• TASK DETAILS
Each entry below should be restated word for word, without any picture it contains.

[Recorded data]

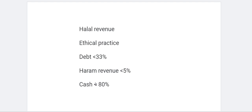The final criteria is cash. You don't want a company that has a lot of cash, because then it starts to resemble riba — you're giving them money and they're just giving money back. The rule is that liquid cash should not exceed 80% of the total assets of the company, otherwise it becomes riba. These figures are what the scholars have agreed on — it's not something I made up — so do your research and find out more information.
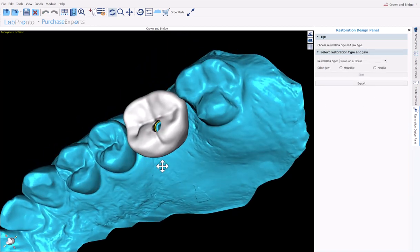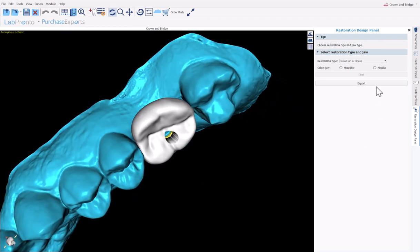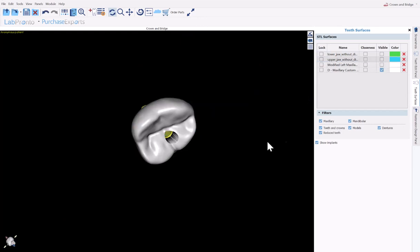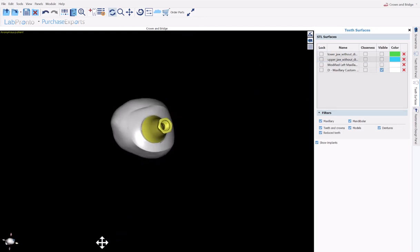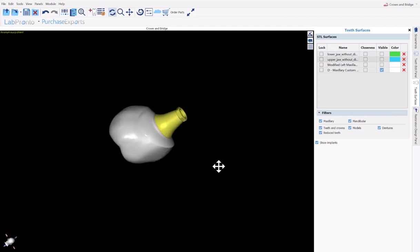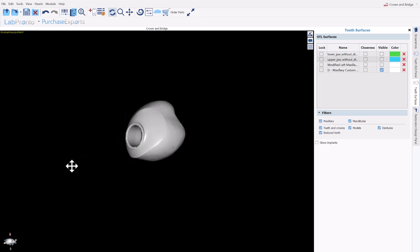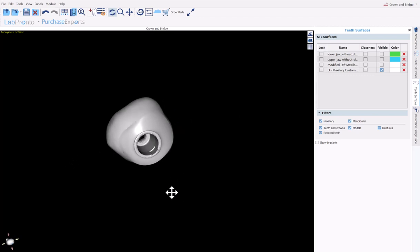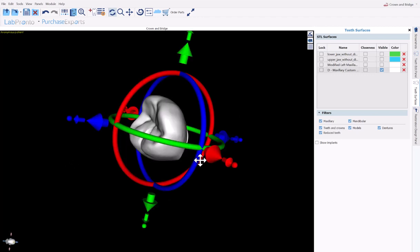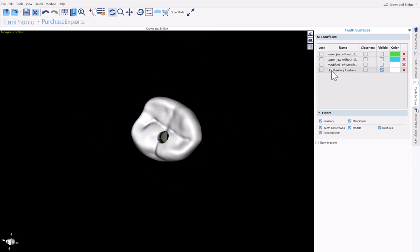We can now see our completed crown. Before we go to exports, let's just take a look at our surfaces. Let's toggle off the model. And here we see the crown designed for the tie-base with the anti-rotation. On our surface list, the surface that appears with the D indicates that it is a design surface. And here the design surface, we have created the crown.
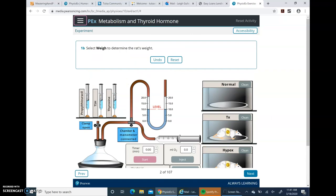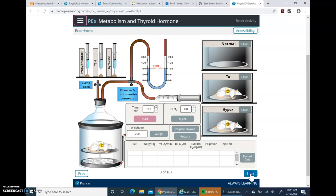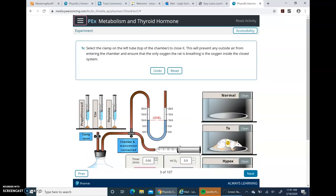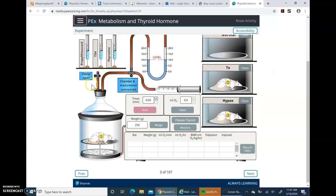Go back up and read the next set of instructions. It says select Weight to determine the rat's weight. We come down here, go to Weigh, and click it. That little rat weighs 250 grams. Then you click Next — it's in the bottom right-hand part of your screen. Then read the next set: select the clamp on the left tube at the top of the chamber to close it, which will prevent outside air from entering so we can measure the oxygen the rat is breathing. Click that clamp — it now says the clamp is closed. Then hit Next.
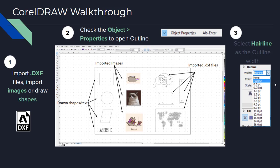Once you have CorelDRAW open, practice drawing shapes and adding text. You can also import images to engrave — ideally they would be in black and white. Finally, you can import DXF files to cut. This is the recommended way to add models to be laser cut, and the first that we'll go through.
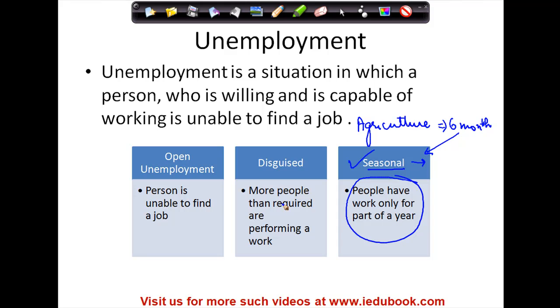So unemployment falls into these three categories: open unemployment, disguised unemployment where more than what is required are working, and seasonal unemployment where people only have work for part of the year.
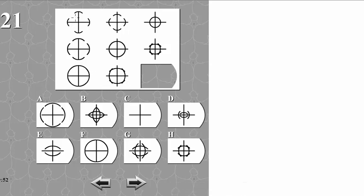In this one, each figure has four parts of a circle in it, and we notice that there is some action going on from left to right and from top to bottom.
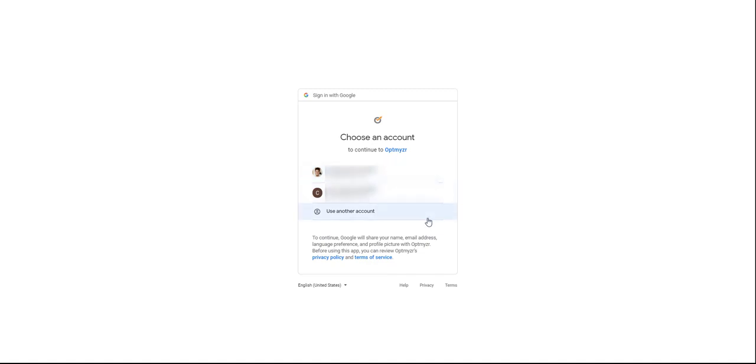For this example, we'll be using the login that's already set up in my browser, but you can go ahead and choose a different one if you'd like.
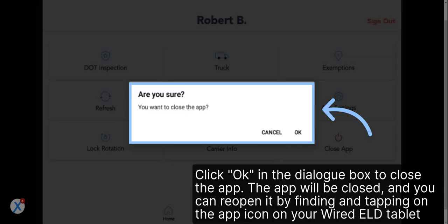Click OK in the dialog box to close the app. The app will be closed, and you can reopen it by finding and tapping on the app icon on your Wired ELD tablet.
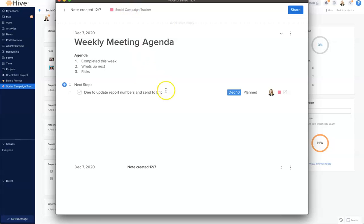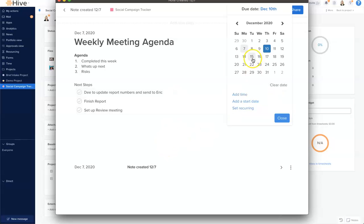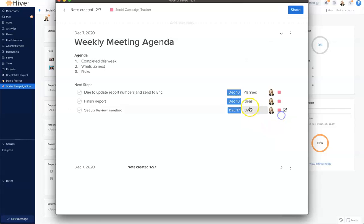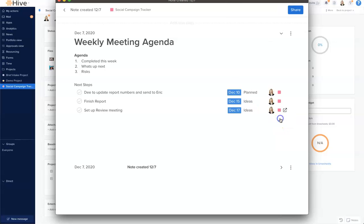Now, if I hit enter, I can keep adding additional action cards. There we have them. And again, from here, I can change these due dates and change assignments should I choose to. And that is our note setup.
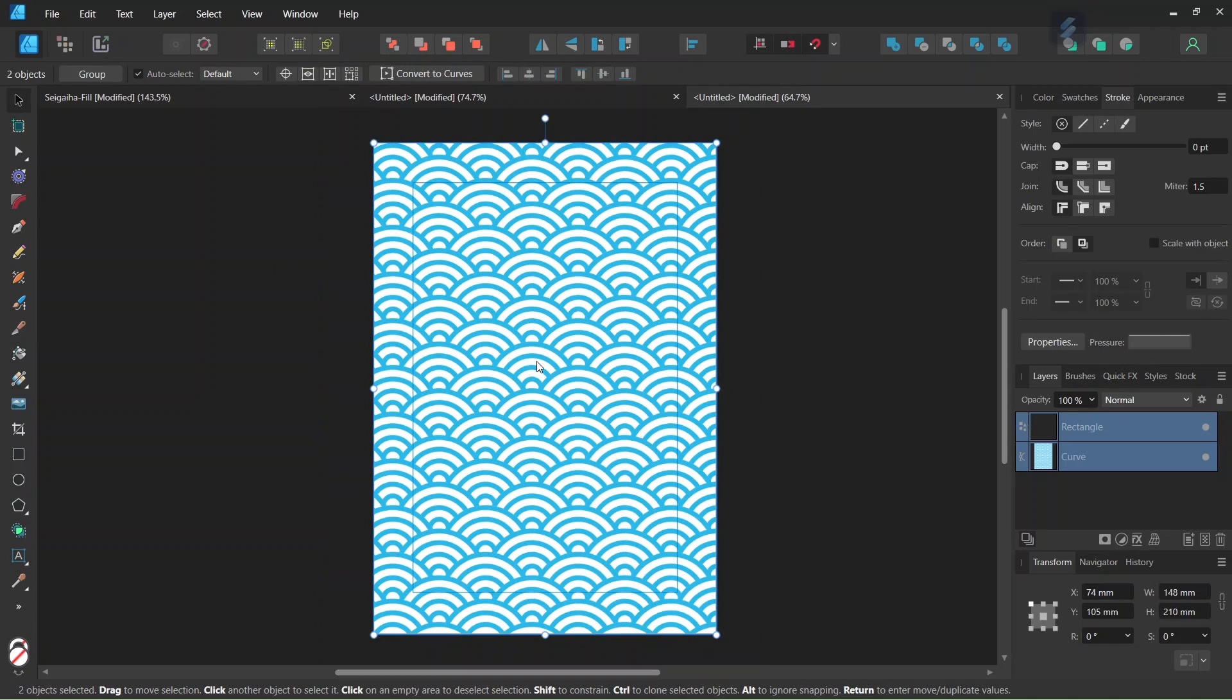Alright, so that was it for this tutorial. You learned how to create a Japanese wave pattern in Affinity Designer. I hope you enjoyed this tutorial and learned something from it. If you did, don't forget to like and subscribe for more Affinity Designer tutorials in the future. And until then, see you next time. Bye!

• TASK OUTPUT
The final criteria is cash. You don't want a company that has a lot of cash, because then it starts to resemble riba — you're giving them money and they're just giving money back. The rule is that liquid cash should not exceed 80% of the total assets of the company, otherwise it becomes riba. These figures are what the scholars have agreed on — it's not something I made up — so do your research and find out more information.
We can now see our completed crown. Before we go to exports, let's just take a look at our surfaces. Let's toggle off the model. And here we see the crown designed for the tie-base with the anti-rotation. On our surface list, the surface that appears with the D indicates that it is a design surface. And here the design surface, we have created the crown.
Go back up and read the next set of instructions. It says select Weight to determine the rat's weight. We come down here, go to Weigh, and click it. That little rat weighs 250 grams. Then you click Next — it's in the bottom right-hand part of your screen. Then read the next set: select the clamp on the left tube at the top of the chamber to close it, which will prevent outside air from entering so we can measure the oxygen the rat is breathing. Click that clamp — it now says the clamp is closed. Then hit Next.
Once you have CorelDRAW open, practice drawing shapes and adding text. You can also import images to engrave — ideally they would be in black and white. Finally, you can import DXF files to cut. This is the recommended way to add models to be laser cut, and the first that we'll go through.
So unemployment falls into these three categories: open unemployment, disguised unemployment where more than what is required are working, and seasonal unemployment where people only have work for part of the year.
In this one, each figure has four parts of a circle in it, and we notice that there is some action going on from left to right and from top to bottom.
For this example, we'll be using the login that's already set up in my browser, but you can go ahead and choose a different one if you'd like.
Click OK in the dialog box to close the app. The app will be closed, and you can reopen it by finding and tapping on the app icon on your Wired ELD tablet.
Now, if I hit enter, I can keep adding additional action cards. There we have them. And again, from here, I can change these due dates and change assignments should I choose to. And that is our note setup.
Alright, so that was it for this tutorial. You learned how to create a Japanese wave pattern in Affinity Designer. I hope you enjoyed this tutorial and learned something from it. If you did, don't forget to like and subscribe for more Affinity Designer tutorials in the future. And until then, see you next time. Bye!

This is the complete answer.